Nanoliter Reactors Improve Multiple Displacement Amplification of Genomes from Single Cells

Abstract

Since only a small fraction of environmental bacteria are amenable to laboratory culture, there is great interest in genomic sequencing directly from single cells. Sufficient DNA for sequencing can be obtained from one cell by the Multiple Displacement Amplification (MDA) method, thereby eliminating the need to develop culture methods. Here we used a microfluidic device to isolate individual Escherichia coli and amplify genomic DNA by MDA in 60-nl reactions. Our results confirm a report that reduced MDA reaction volume lowers nonspecific synthesis that can result from contaminant DNA templates and unfavourable interaction between primers. The quality of the genome amplification was assessed by qPCR and compared favourably to single-cell amplifications performed in standard 50-μl volumes. Amplification bias was greatly reduced in nanoliter volumes, thereby providing a more even representation of all sequences. Single-cell amplicons from both microliter and nanoliter volumes provided high-quality sequence data by high-throughput pyrosequencing, thereby demonstrating a straightforward route to sequencing genomes from single cells. It is often challenging to manipulate or analyze the genetic material or genome of an individual cell.
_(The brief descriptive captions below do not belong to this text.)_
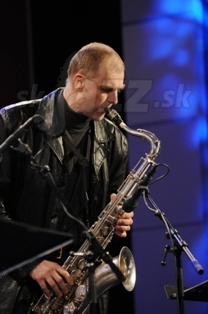  KLEMENS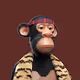 ApesGang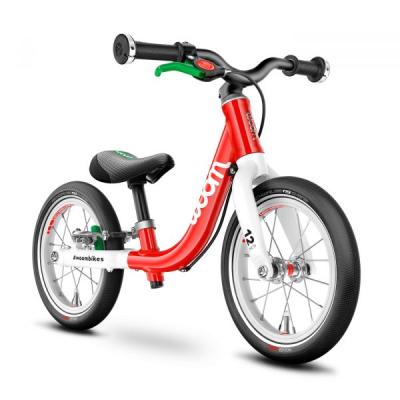 bikeyourcity-draisienne-woom1-400 for Bike your city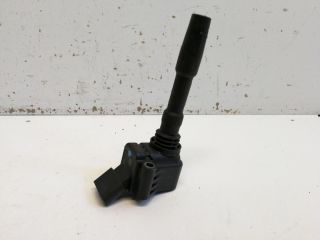 bontott AUDI A4 B8 Gyújtótrafó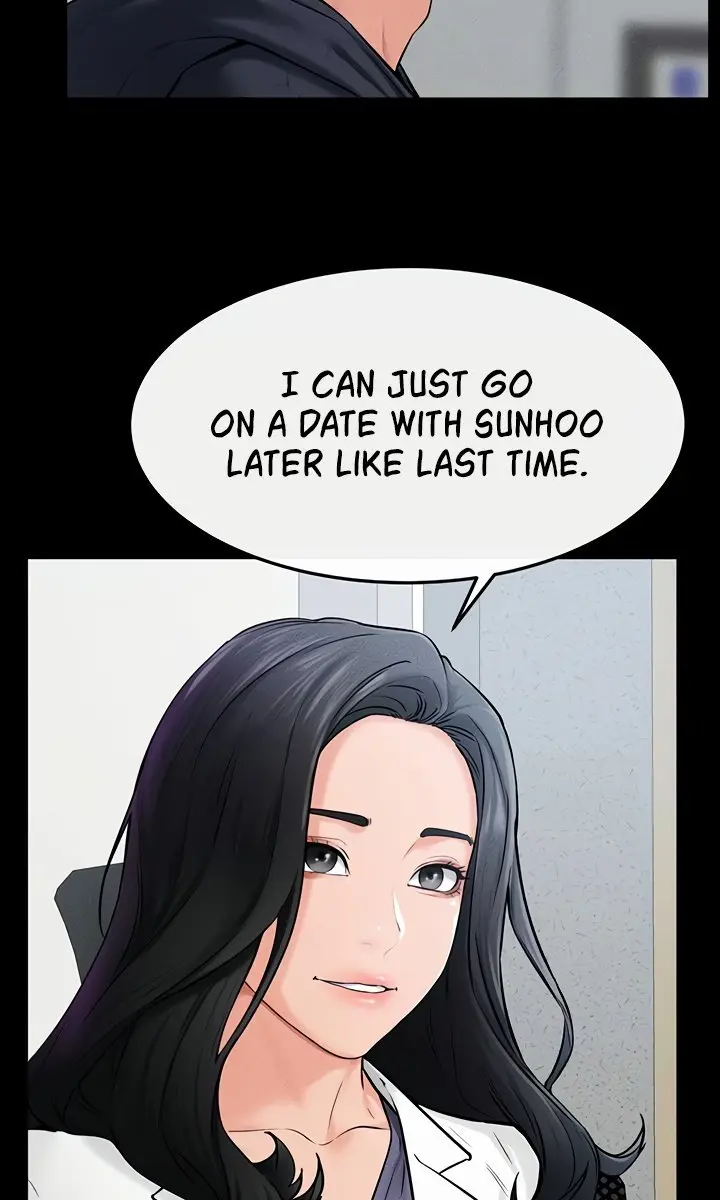 My New Family Is Too Nice to Me Chapter 52 Page 11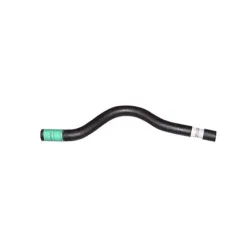HOSE- HEATER VALVE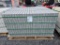 Skid Hanover Prest Plankstone Pavers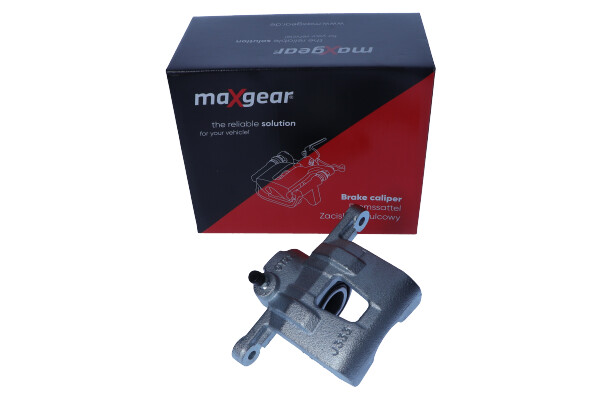 Maxgear Remzadel/remklauw 82-1217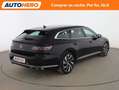 Volkswagen Arteon 2.0TDI R-Line DSG7 110kW Schwarz - thumbnail 6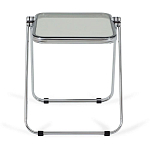 Столик складной Lamour варинант исполнения - 3 | Loft Concept в Саратове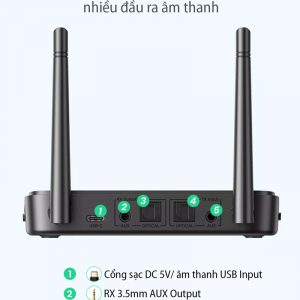 bo-thu-phat-3-trong-1-bluetooth-5-0-100m-ugreen-20140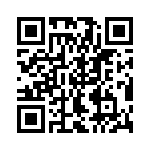 YK4422103000G QRCode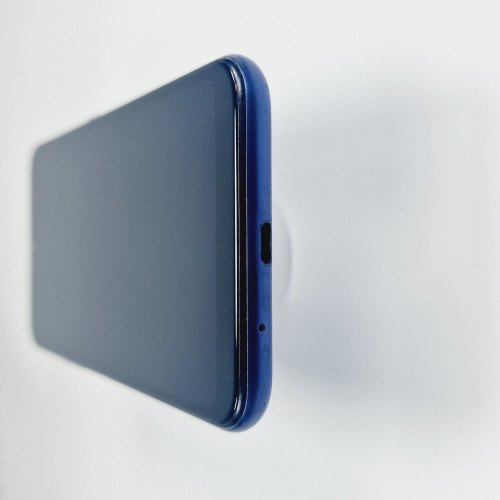 Смартфон Samsung Galaxy A01 (A015F) 16Gb Blue (SM-A015FZBDSEK) USED **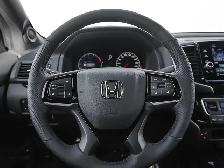 2026 Honda Ridgeline Black Edition - Photo 13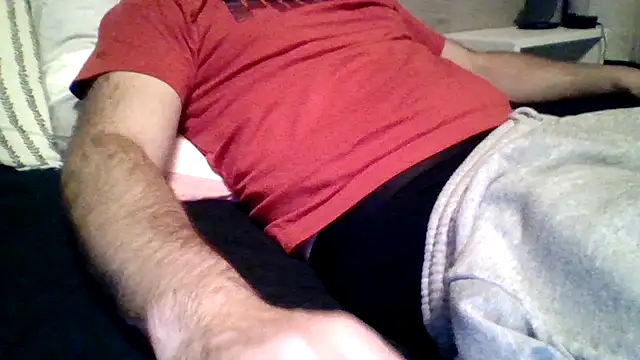 Snapshot of maxh08625 chatting on September 26, 2025, 11:00 pm maxh08625 online show from September 26, 2025, 11:00 pm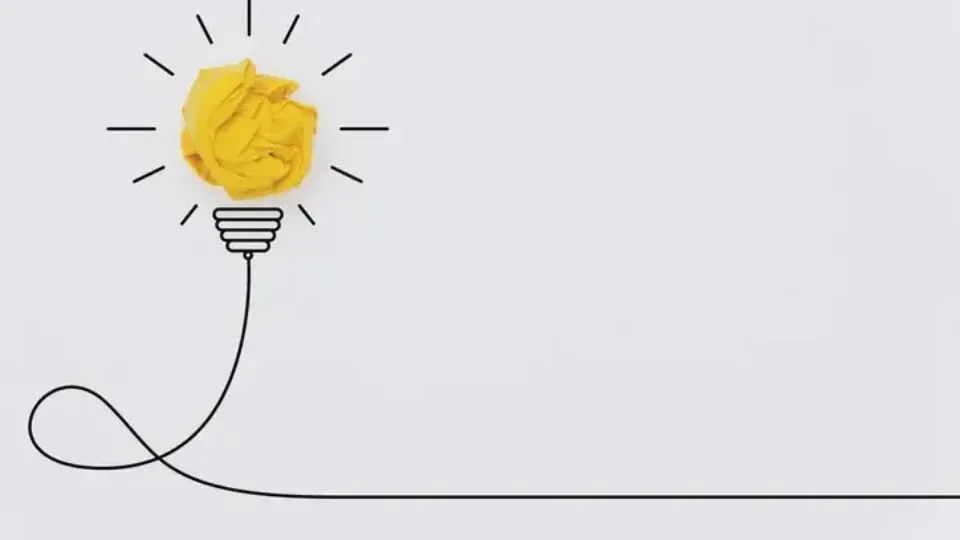 Histórico da Escrita Criativa: Um Olhar Profundo na Evolução Literária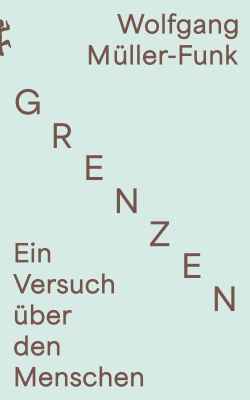 Grenzen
Biochemical DNA amplification technologies can be used to make many copies of the genome from a single cell, and in this paper we investigated how well such amplification works as a function of the reaction volume. We found that single-cell genome amplification in nanoliter volumes is much more effective than in microliter volumes, providing better representation of the starting genome with less bias in the product. It should therefore be possible to obtain high-quality genome sequences from single cells. This is useful because very few microbes can be obtained in pure culture, and are therefore only amenable to single-cell analysis.